Court Finds Chalking Tires for Parking Tickets is Unconstitutional
On April 22nd, the 6th U.S. Circuit Court of Appeals ruled that the physical marking of tires with chalk to enforce parking rules is unconstitutional. It was argued that the chalk left on a vehicle’s tire — done to note how long it has been parked in a certain location — amounted to searching without a warrant.
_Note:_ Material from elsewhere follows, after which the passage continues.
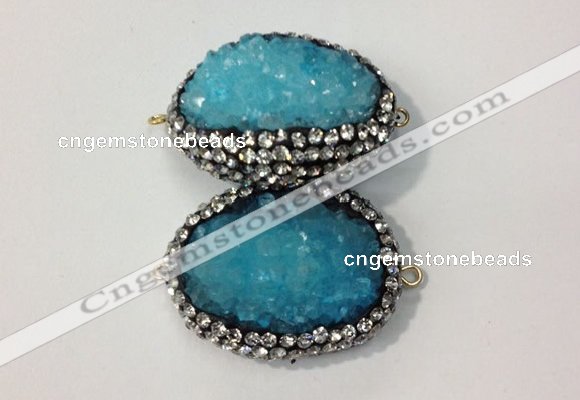 NGC649 20*30mm - 25*35mm freeform druzy agate connectors wholesale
This is a violation of the Fourth Amendment, which protects against unreasonable searches and seizures.
In the case of a Michigan woman who was issued 15 parking tickets in three years, U.S. Circuit Judge Bernice Bouie Donald wrote, “The city commences its search on cars that are parked legally, without probable cause or even so much as individualized suspicion of wrongdoing — the touchstone of reasonable standard.”
It was further determined by the court that the chalking of cars to raise revenue does not count as a public safety concern that may allow a search without a warrant. Currently, the court’s decision affects Michigan, Ohio, Kentucky and Tennessee.
Appeals Court Asked to Reconsider Case
On Monday, May 6th, the city of Saginaw, Michigan asked a federal appeals court to reconsider this ruling. The city argued the case was of “exceptional importance”, because “cities across the United States have ceased parking enforcement.”
While the ruling may have deterred parking enforcement in some communities and cities, others are now considering more modern ways to deal with overtime parking, such as taking photos.